For those who profess to be Believers, meaning people who are supposed to be God-fearing, respectful, compassionate, and loving of others to argue about things to the point where their pride takes over is a very poor way to represent God. It doesn’t glorify him, at all! What makes it worse is that the person who refuses to stop arguing will, more often than not, say they are just telling the truth, which they proclaim justifies their rude behavior.
Shaul tells us that righteous anger is fine, and it is, but it is no excuse for being nasty or disrespectful to someone. The same goes for telling the truth; as far as I am concerned, if you are unable to tell someone your understanding of “the truth” without having to yell at or insult them, then not only have you already lost the argument but your truth might not really be the truth.
Now, someone may say that Yeshua insulted the Pharisees and Scribes and Torah-teachers often, and that is true. My answer to that point of fact is this: you ain’t Yeshua! And when he spoke, even those who were against him could not argue with him because his truth was God’s truth and stood on its own. When you or I discuss God with others and they don’t accept what we say, or tell us we are wrong, before we start to insult them we might consider that if what we say isn’t strong enough to stand on its own, maybe what we think is right is actually wrong. Or maybe what we are saying is right but we are saying it in a wrong way.
I learned this lesson many years ago when I received a left-handed compliment from my boss. I was a Sales Manager for Home Depot’s At-Home Services and the Senior Vice President I was working for told me that what I say is almost always correct, but (here comes the down-side) it becomes impotent because of the way I say it. You see, I was just telling the truth, but the way I told it rendered it useless because it made people upset.
God gave each and every one of us Free Will because he wants us to choose to worship him. We also can choose to reject God and all he says. That means God, himself, allows someone to be wrong if they choose to be wrong. So who are we to disallow that which God allows?
Your truth may not be my truth, and (truthfully) both may still be true. What is important is that we don’t tell someone the truth in order to show how correct we are, but to help them come closer to God. It is all about bringing people into proper relationship with God and Messiah, so when someone chooses to reject what you say, go ahead and make an argument without arguing. Allow them a minute or so to take it in, and if they are willing to continue to listen then you are doing well. If they reject what you say, and refuse to accept any proof from you, then before the discussion becomes an argument, do as God does and allow them to be wrong.
One last point: remember how God told the prophets that if they did not tell the people to repent, then their blood would be on his head?
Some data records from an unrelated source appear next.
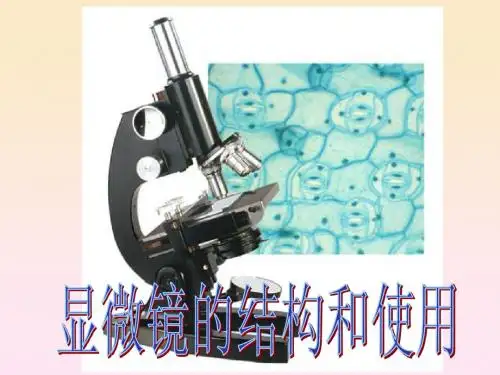 实验一显微镜的结构和使用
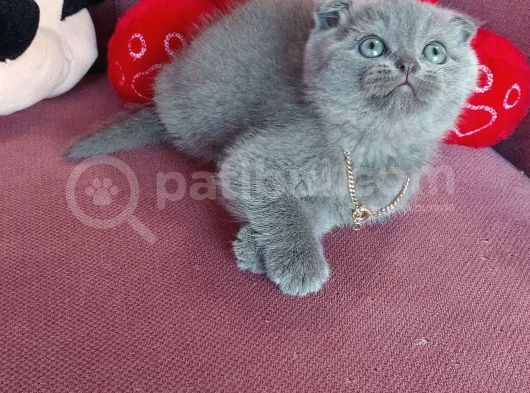 Pamuk Prensesim görsel
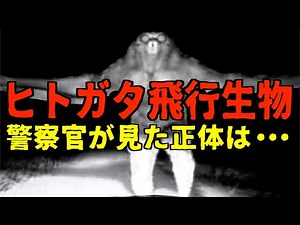 空飛ぶUMAをついに捉えた！未確認生物・フライングヒューマノイド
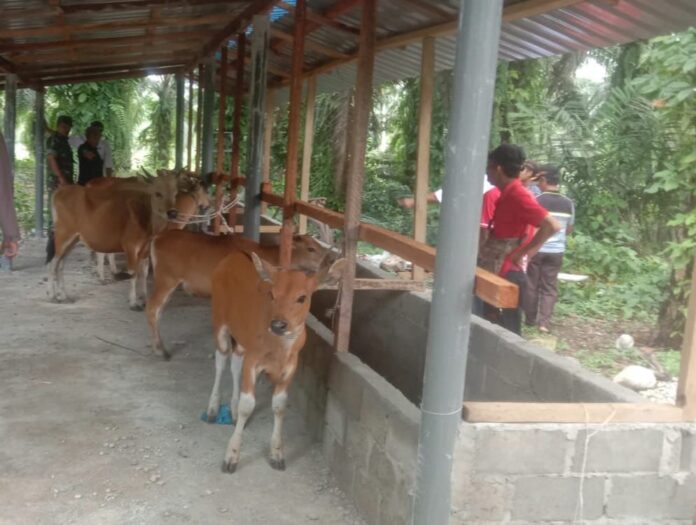 Sapi Penggemukan Program Bumdes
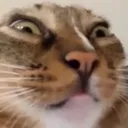 hek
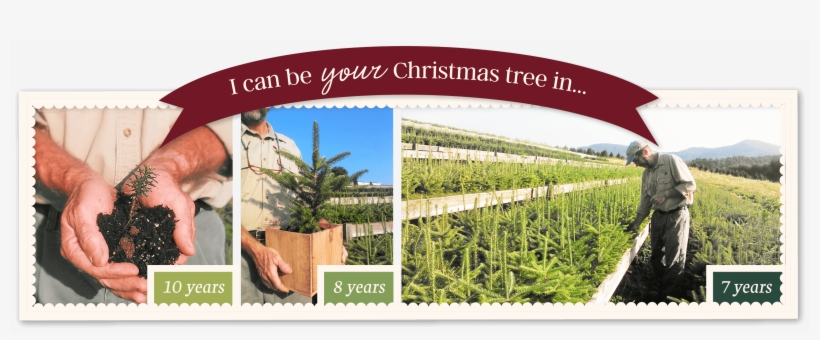 Icanbeyourtree - Plantation, transparent png download
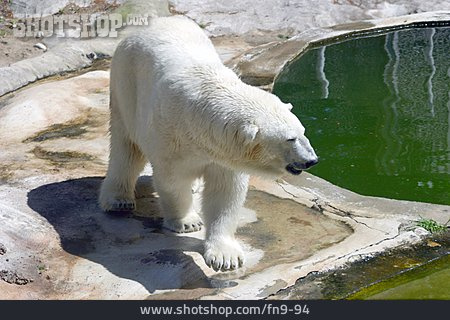 
                Eisbär                   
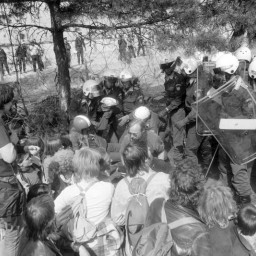 Symbolbild, stellvertretend für Bilder bei denen wir Ihre Hinweise benötigen.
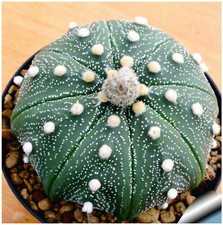 10 semi di Astrophytum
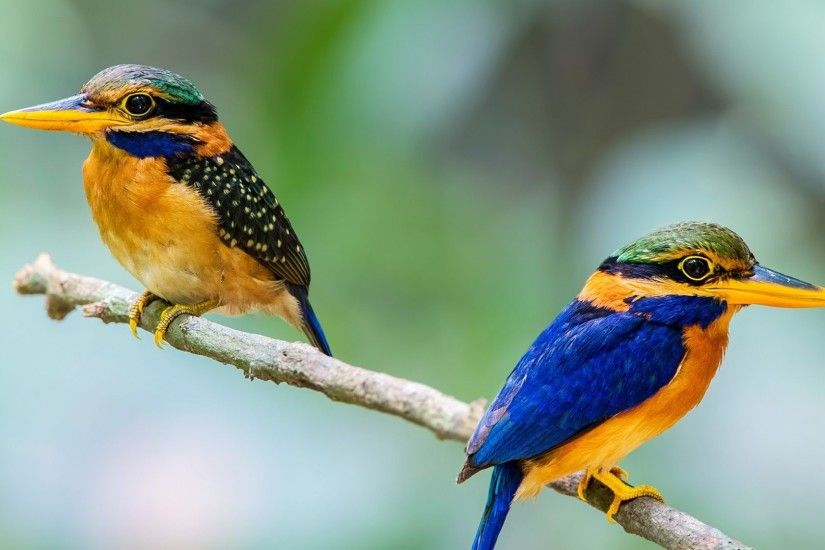 Branch Cute Blue Kingfisher Birds Orange Bird Pigeon Hd Wallpaper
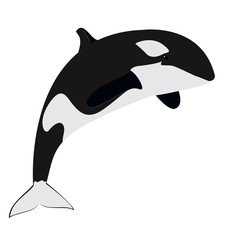 orca - killer whale vector illustration. great as logo element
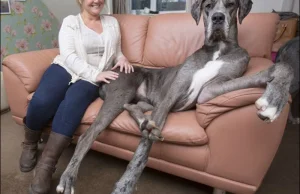 Meet Freddy – Britain’s tallest dog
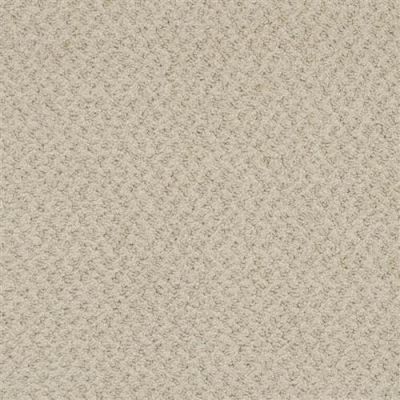 Masland New Hope Foggy 9478-545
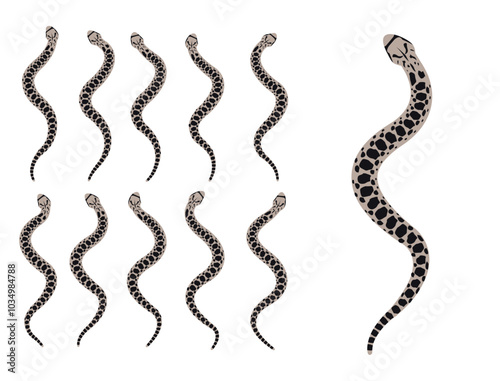 Bullsnake Snake Animal Animation Sequence Cartoon Vector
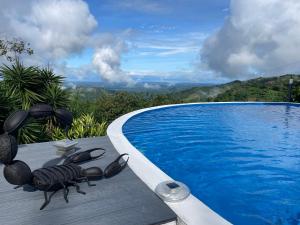 Palco Pacifico at The Retreat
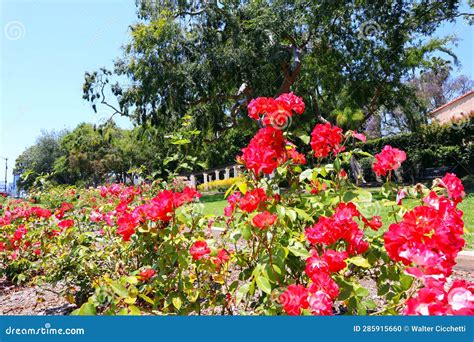 BEVERLY HILLS, California: Beverly Hills Rose Garden at Beverly Gardens ...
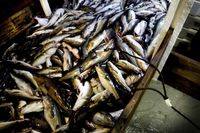 Forskningsrådet Ices, som gör årliga rekommendationer till EU om kommande fiske, vill helt stoppa fångsten av torsk i Östersjön öster om Bornholm. Det största problemet för torsken just nu är dock inte fisket, utan brist på föda. Arkivbild.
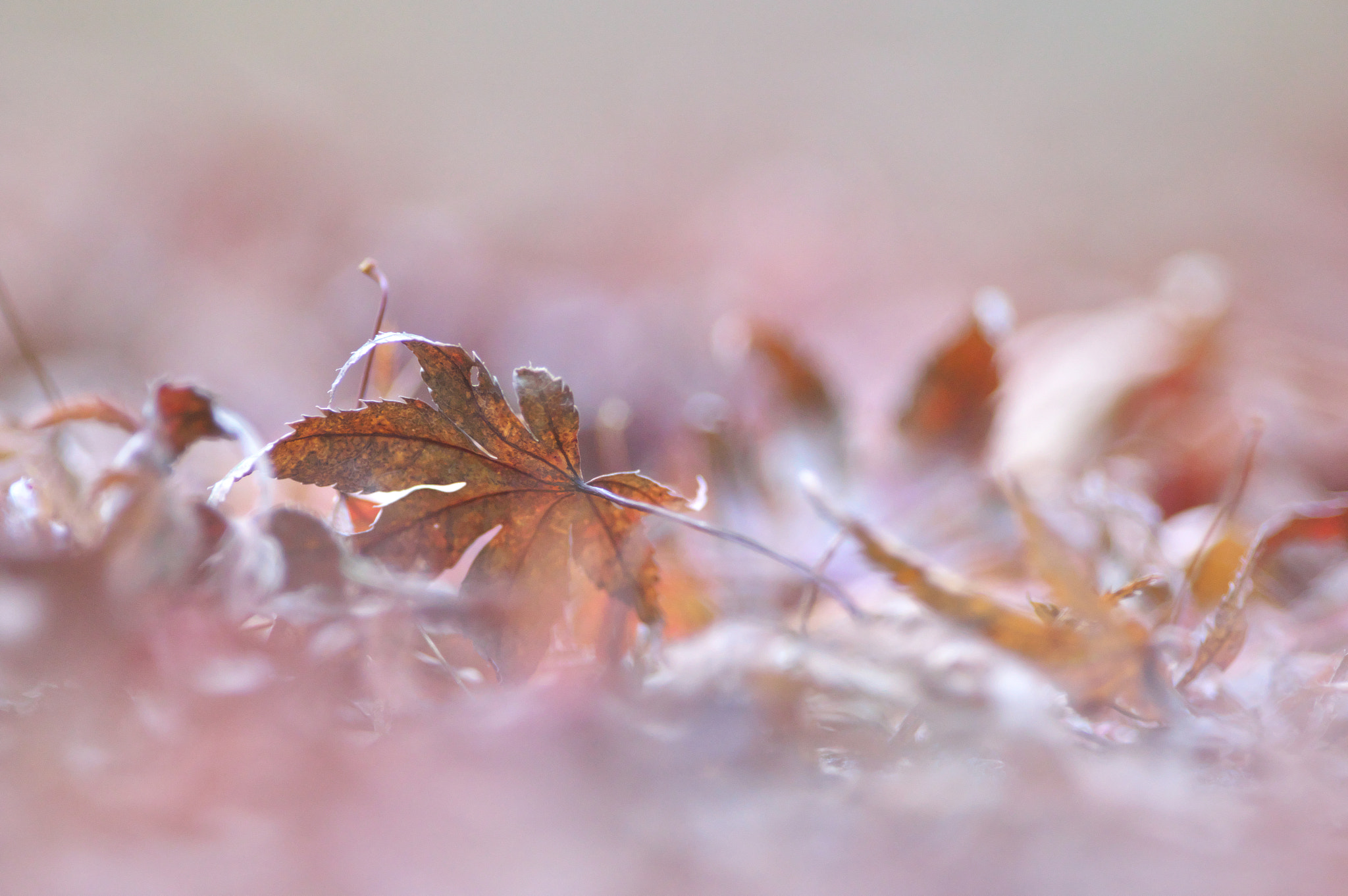 Pentax K-3 sample photo. Fallen leaves photography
But, if after telling them to repent, they decided to reject God’s warnings and continued to sin, then the prophet would be free of their blood and it would be on their own heads? This rule holds true for us, as well. We are to try to bring people into the Kingdom of God but not by force, coercion, fear, or bribery (such as telling them about all the blessings they receive for being Believers.)
As purveyors of God’s truth, your job and mine is simply to tell the truth as God has shown it to us and allow people to make up their own minds.